Nature excels in its autumn song

IT’S amazing how smaltz songs can contain memorable lines, phrases that never leave one, no matter how saccharine or sentimental.

Nature excels in its autumn song

Other song lines stuck in my head are “When Autumn leaves begin to fall” and “Poetry in motion”. “The hills of Donegal” is another line etched indelibly in my brain.

Autumn in its glory is the light and the leaves. Last weekend, we were again bowled over by the beauty of the autumn sun gilding the dwarf gorse on the Sheep’s Head peninsula in west Cork and turning the sea to turquoise. It was marvellous out there, a wake-you-up breeze blowing but quite warm as one walked, especially given the exertions of the path along the ridge near the tip, where the sea is below one on both sides, Dunmanus Bay to the south, Bantry Bay to the north. Hairy molly caterpillars crossed the path; we saw at least half a dozen. Tortoiseshell butterflies were flying. The views were magnificent, panoramic, breathtaking; it was easy to see why Ireland is considered one of the most beautiful countries in the world. Indeed, we should, perhaps, consider this more often in these economically-stressful days. We can’t live on the scenery but at least there’s some joy to be had for free.

Wild food for free is also, now, as plentiful as it gets. Out there on Muntervary, the blackberries on the small, wind-hammered briars were as good and as luscious as I’ve found them anywhere. They shone in the sunlight, fat from the mist or the dew and unwormed; that was the joy of it – not only the sweetness but the absence of maggot-life in the fruit. Walking the roads, it was hard to keep up any sort of pace, such were the temptations to stop and feast. Another bush, another banquet. Let’s go, let’s keep going – we’ve already had lunch!

Meanwhile, away from the bare and breezy headlands with cloud-shadows skimming across the hills, hazel nuts are ripe in the woods. This year, they seem to me to be exceptional, fat and brown, with sweet kernels. And there are gourmet mushrooms, small carpets of chanterelles and solitary boletus, too, if one is lucky enough to find one, the Boletus Edulis, the famous Cep, the King of Mushrooms. We once – in Wales – found a Cep that weighed 370gr but it was riddled with worms and, in my opinion, inedible. However, my friend, a Frenchman, didn’t think so, and sliced off a hundred wriggling grams and threw them in the pan.
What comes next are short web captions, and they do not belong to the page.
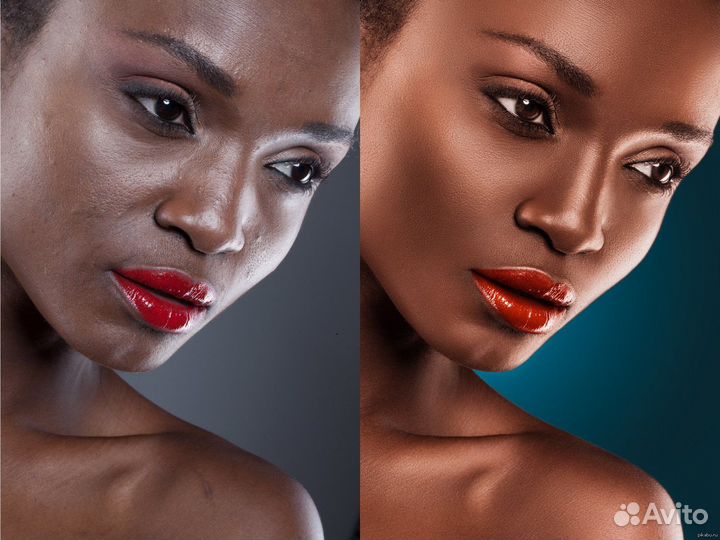 Плагины для ретуши Retouch4me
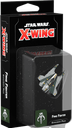 Star Wars: X-Wing (Second Edition) – Chasseur Fang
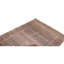 High-Quality Hand-Knotted Red And Black Area Rug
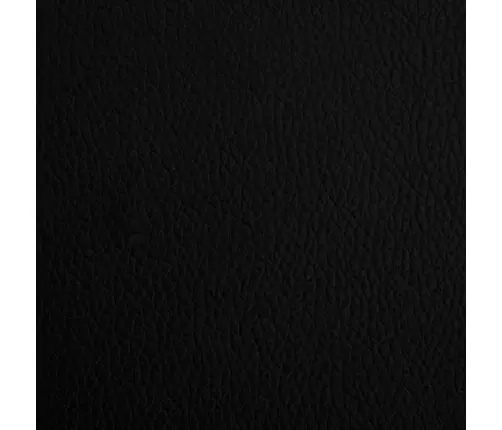 Koeradiivan, Must, 70 X 45 X 30 cm Kunstnahk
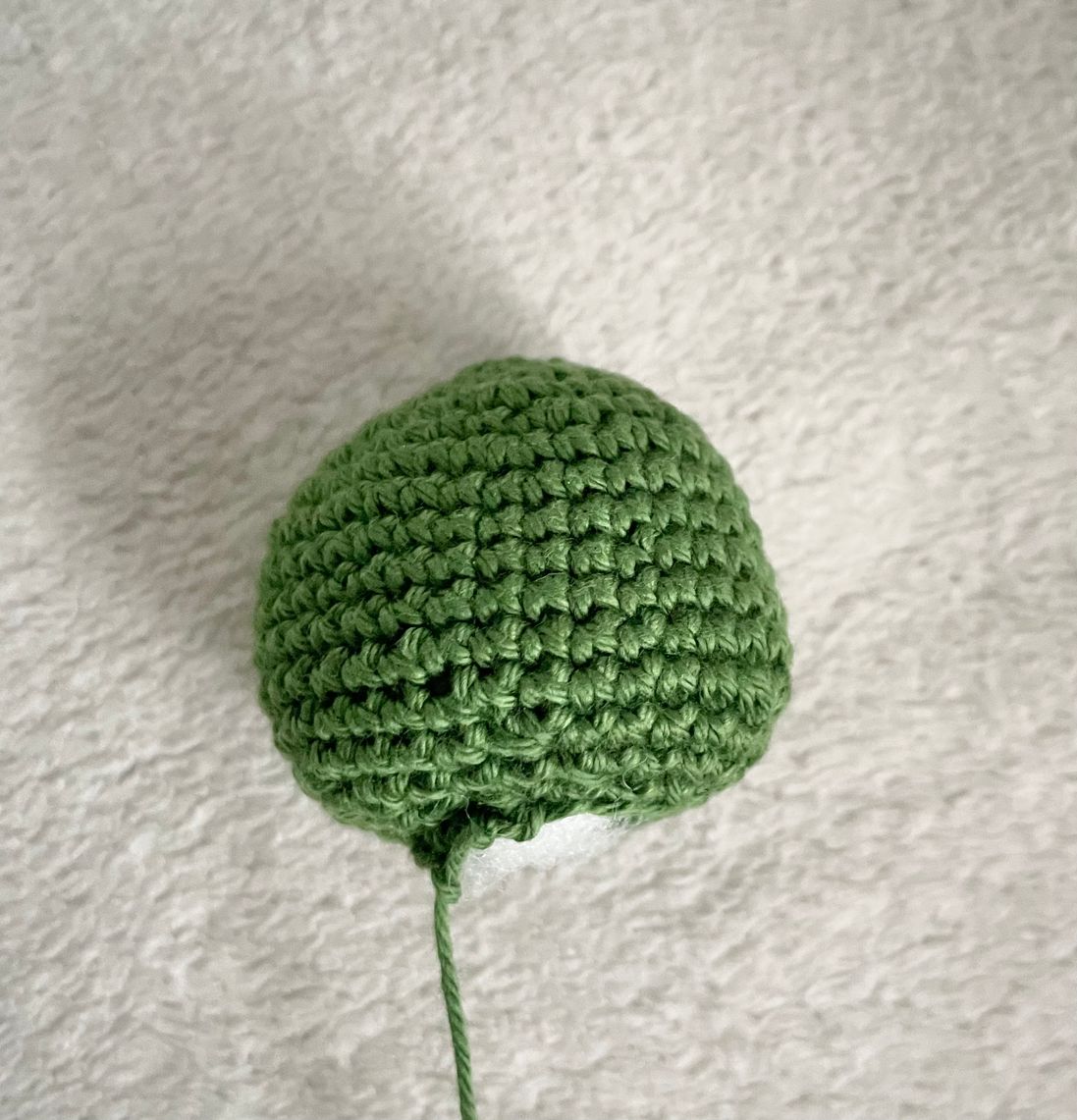 Blog-Inhaltsbild für 'Krokodil häkeln – kostenlose Amigurumi Häkelanleitung'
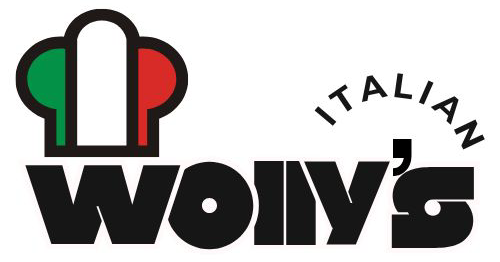 Wolly's Italian Logo
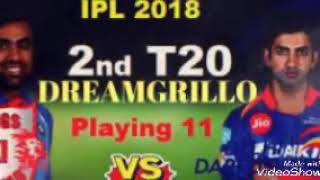 Live stream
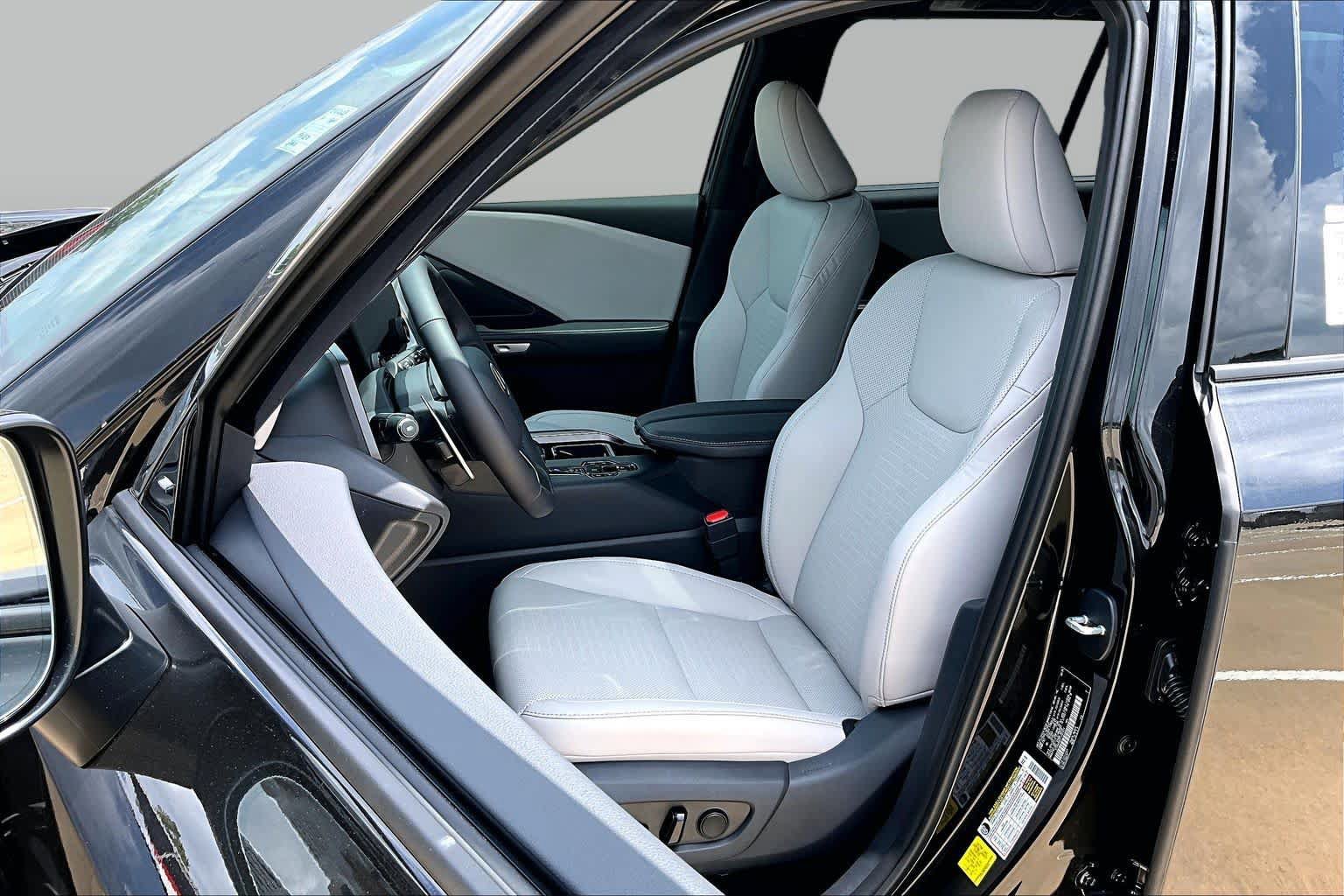 New 2026 Lexus TX 350 AWD image 9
“Indian summer” was so named, it is said, for the time when the native Americans hunted game and harvested crops in preparation for the winter; perhaps, in these straitened times, we should harvest the windfalls in the orchards and the crab apples and rose-hips in the hedges. Others say the “Indian summer” was so called because it was a period of good sailing weather for ships en route to India during the British Raj. Some has the letters “IS” burnt into their hulls to indicate the high level to which they could be loaded in this clement weather.

The American word for autumn is, of course, the fall, when the forests of New England are ablaze of colour. So, also, the parks in Tokyo, and the Japanese appreciate them with a fervour. Dedicated leave-admiration walks are taken to Mount Fuji, and a million cameras click to record the changing of the colours as they deepen day by day.

Sunday October 4 is an Open Day at the lovely Manch House estate near Enniskean, near Dunmanway, and, at 2pm, according to the programme, I am scheduled to lead “a walk through the woods at Manch to examine the range of fungi growing there”. All are welcome. I hope we find a cornucopia of mushrooms of interest, edible or inedible. The Open Day events are put on thanks to funding from the West Cork Development Partnership.

Meanwhile, it is good news to hear that the Forest Stewardship Council Ireland is hosting a public consultation day on the new Draft Irish Standard for Forest Management Certification on Saturday September 26 at Tullamore. Forests internationally must be managed, not plundered.